気候変動に俊敏に対応し、持続可能なコーヒー生産を維持していくためにコロンビアコーヒーの生産者たちが現在採用している9つの戦略をご紹介いたします。
1. 科学的調査とサポート
2. 事前警告システム
3. 適正な肥料
4. 木の植え替え
5. 日陰の利用
6. 農園のメンテナンス
7. 適度な栽植密度
8. 抗さび病品種への入替え
9. 土壌の保全
科学的調査とサポート
コーヒー専門の研究施設CENICAFE(セニカフェ)では気候変動がコーヒーに及ぼす影響について科学的な調査が行われています。生産への打撃を事前に回避し、被害を最小限に留めるための対処方法を研究し生産者に伝達する役割を担っています。
事前警告システム
気候変動の予測は技術支援サービスを通じて事前に生産者に伝えられます。この事前警告システムのおかげで生産者たちは気候変動の情報を随時得ることができ、伝染病や害虫などの被害を回避できる仕組みになっています。
適正な肥料
気候条件と土壌の状態によって植物に与えるべき栄養は変わります。どの肥料をどのタイミングでどれだけ与えるか、生産者は作物の状態をみながら判断します。
木の植え替え
農園は適度な栽植密度に保ち若く、生産力に富んだ状態にしておく必要があります。
樹齢9年以上の木は気候の変動の影響を受け易く、生産力が落ちてしまう可能性が高いので抗さび病品種の若い木に植え替えます。
抗さび病品種への植え替えによって湿度の高い時期でもさび病の被害を避けることができます。
日陰の利用
コロンビアでは約半数の生産地域でシェード(日陰)式栽培方法が採用されています。日照が強すぎる、または乾期が長すぎる地域では必要不可欠です。反対に日照が弱く、乾期が短い地域では、コーヒーの木を日光にあてる日向式で栽培されています。いずれにしても鳥やその他の動物の棲家を壊さないように生産者たちは十分に注意を払わなければいけません。
農園のメンテナンス
乾期の間、害虫の発生を防ぐためには農園のメンテナンスが欠かせません。完熟、または熟しすぎた実は木から取り去り、地面に落ちた実もきれいに排除することで虫の発生はある程度予防することができます。
適度な栽植密度
栽植密度とは木と木の間に与えられたスペースのことです。最も適当な栽植密度はヘクタールあたり日向式で9、000本、シェード(日陰)式で5,000本です。

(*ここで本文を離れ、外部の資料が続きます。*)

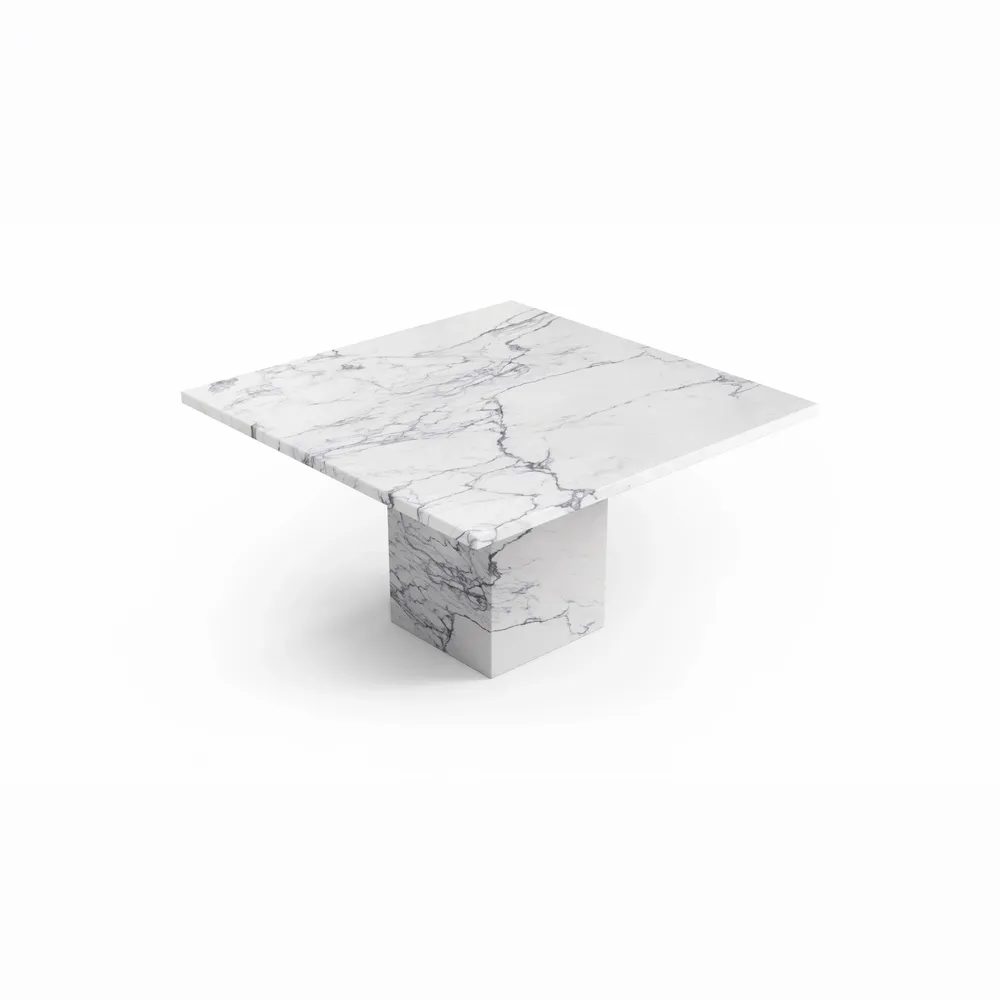 Coffee tables - Carrera - Coffee tables - Statuario Michelangelo Carrara marble - 90X90X40 cm - STONE VALLEY
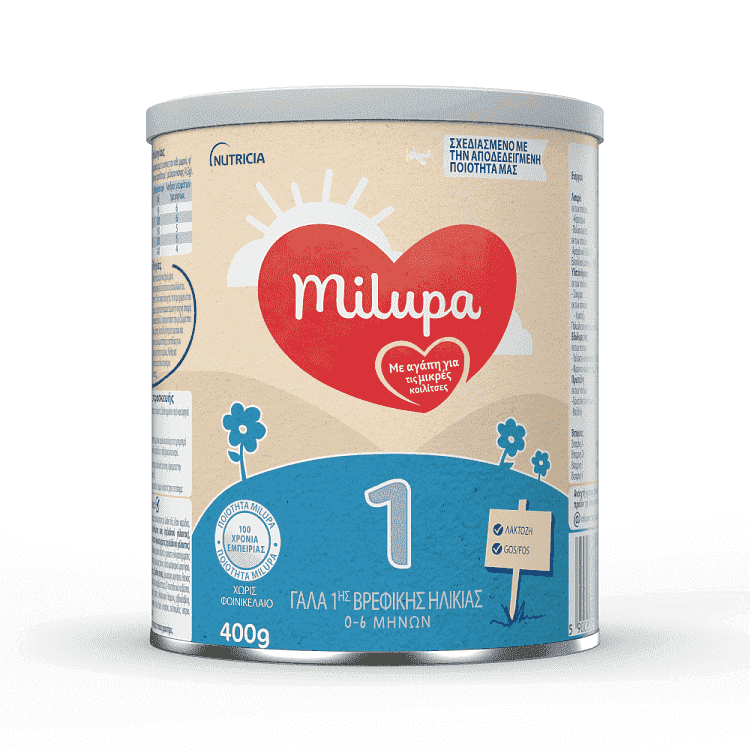 Milupa Aptamil 1 Γάλα Για Βρέφη 400gr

土壌保全の実践と併用すると気候変動からの悪影響はある程度避けられ、生産量を維持することができます。
抗さび病品種への入替え
湿気はさび病が好む条件の一つです。そのため雨が降り、気温が上がるとさび病は急速に繁殖します。さび病への対応として生産者たちはカスティージョのような抗さびの品種に植え替えを行っています。
土壌の保全
通常、コーヒーは山の急斜面で栽培されています。土壌をよい状態に保つため、そして土地の侵食を避けるために木の周りの土の表面を軽い草で覆います。この草がクッションのような役割を果たし、コーヒーの木を雨から保護します。この方法によって殺虫剤の使用も抑えることができます。
以上の戦略はすでに数年前から実施されており、好ましい効果をあげています。
昨年からはエルニーニョ現象が起こり、コーヒー生産国各地でもその影響がみられましたが、コロンビアではその被害も比較的少なく抑えることができました。
また、生産量の保持に重きをおくだけでなく環境保全も視野に入れた将来的に持続可能な生産を目指している点でこれからの農業を考える上でのモデルケースになるのではないでしょうか。